A Swarming Approach to Optimize the One-hop Delay in Smart Driving Inter-platoon Communications

TL;DR

This paper introduces a swarming optimization method to minimize one-hop delay in inter-platoon communications by adjusting contention windows, improving communication efficiency in smart driving scenarios.

Contribution

It presents a novel two-step swarming approach to optimize contention window sizes for reduced delay in inter-platoon vehicle communications.

Findings

One-hop delay is effectively minimized using the proposed method.

Optimized contention windows improve end-to-end delay and throughput.

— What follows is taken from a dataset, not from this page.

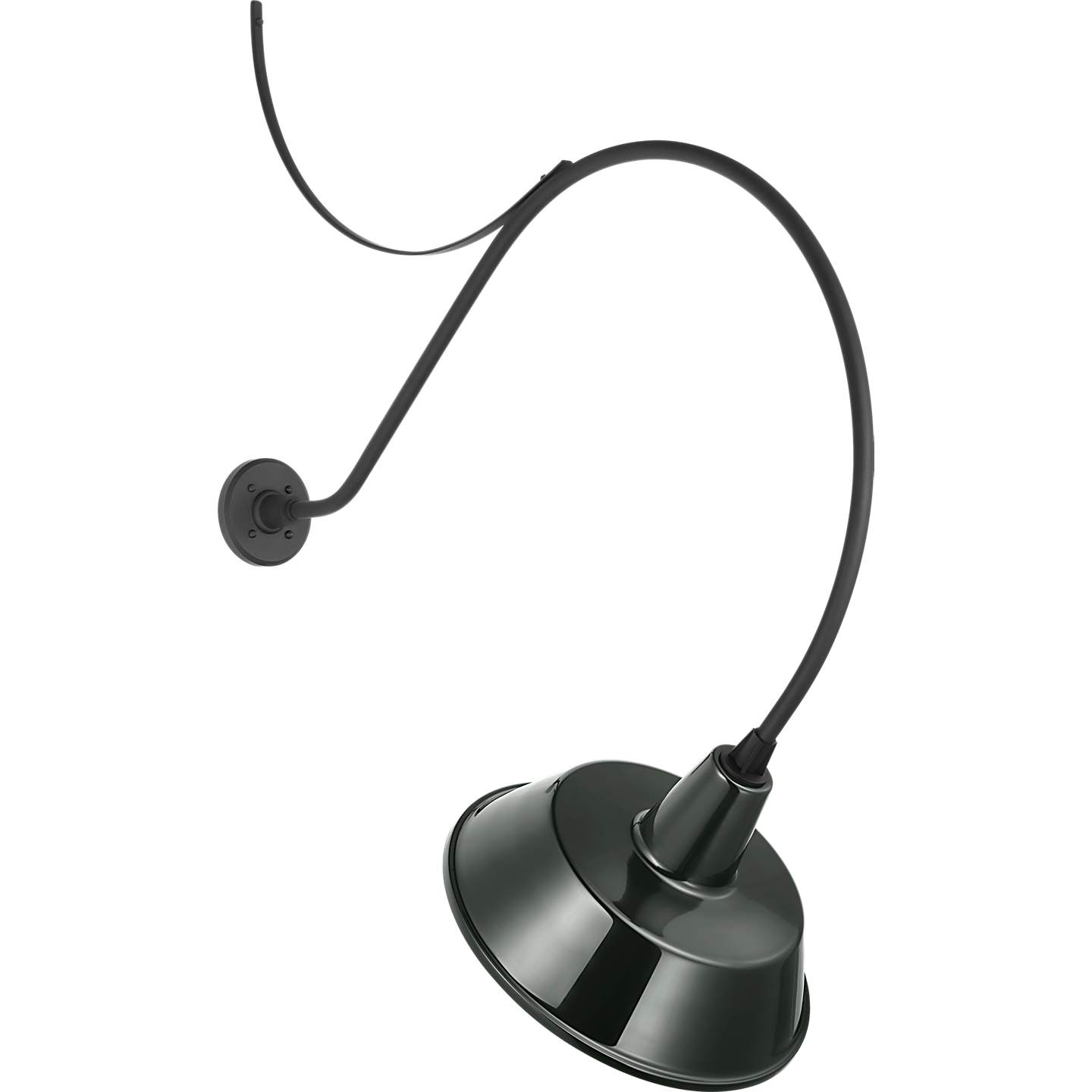 TOB 2807MBK/S2-G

Simulation confirms performance improvements with the approach.

Abstract

In this paper, we propose a swarming approach and optimize the one-hop delay for interplatoon communications through adjusting the minimum contention window size of each backbone vehicle in two steps. In the first step, we first set a small enough average one-hop delay as the initial optimization goal and then propose a swarming approach to find a minimum average one-hop delay for inter-platoon communications through adjusting the minimum contention window of each backbone vehicle iteratively. In the second step, we first set the minimum average one-hop delay found in the first step as the initial optimization goal and then adopt the swarming approach again to get the one-hop delay of each backbone vehicle balance to the minimum average one-hop delay. The optimal minimum contention window sizes that get the one-hop delay of each backbone vehicle balance to the minimum average one-hop delay are obtained after the second step. The simulation results indicate that the one-hop delay is optimized and the other performance metrics including end-to-end delay, one-hop throughput and transmission probability are presented by using the optimal minimum contention window sizes.